But contrary to the Enlightenment philosophers, for Marx the utopia was not to be obtained through evolution and development of reason, but through revolution of working class. The idea of revolution was not present in eighteen century before the experience of French revolution. Though it is sad that the Enlightenment prepared the ground for the revolt in France, works of eighteen century thinkers did not appeal to force or violent change. Marx shared the romantic vision of with socialist thinkers and activists supporting French strife. Moreover, unlike his eighteen century ancestors, Marx sought emancipation in proletariat – the working class of modernity. The Enlightenment was an age of intellectuals, giving special role to philosophers in the process of development of society [Szacki]. In eighteen century thought reason had the emancipatory force.
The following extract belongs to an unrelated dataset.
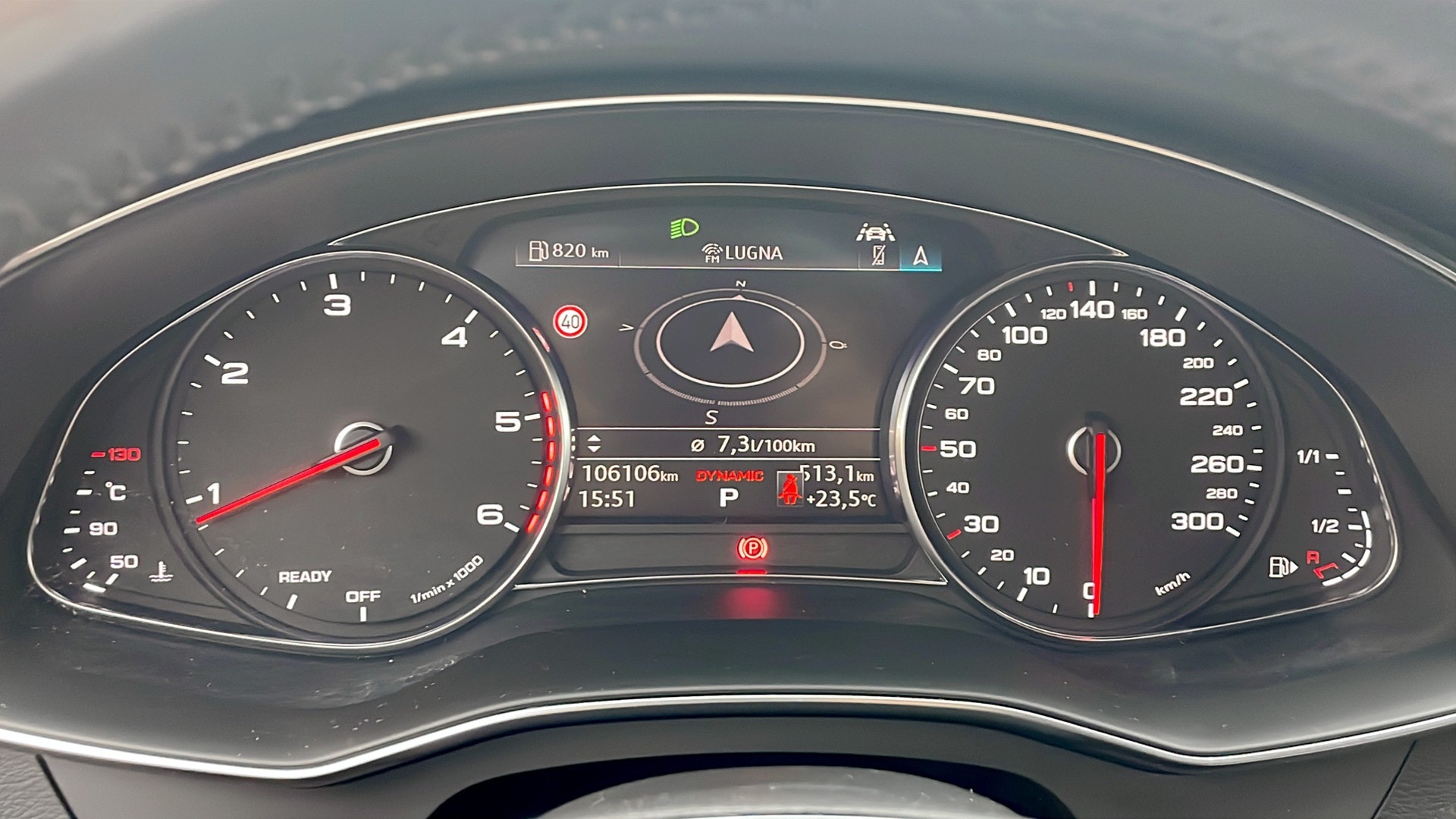 Image about Audi A6 Avant A6 Avant 40 TDI quattro Proline Sport 204 hk S tronic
Marx violent vision of revolution did not reserved place for intellectuals, though Marx was one of them. ….

Ideologies and religion

The end of the Middle Ages ended the era of gods laws and theological explanation of social order. The Enlightenment separated religion form politics. Eighteen century brought to life the concept of public – private spheres. Religion became private matter of citizens. God’s rights no longer decided on political questions and social relations. Secular society was based on secular rules. The Enlightenment believed in reason and science, and through them sought emancipation from religion and superstition. “Social change required that cultural traditions be weakened to allow for new ideas and attitudes favoring social progress” [Seidman, 1998, 34]. Religion and tradition constrained social change and overruled the utopian vision of future. It does not mean that the Enlightenment was a truly secular area. Rejection of religion covered only public, political sphere. None of the great philosophers of the period – Becon, Diderot, Locke – postulated atheism [Ray, 13]. The issue was to separate religion from science, theology from logical reasoning. Religion intruded cognition, so had to be abandoned in the sphere of knowledge.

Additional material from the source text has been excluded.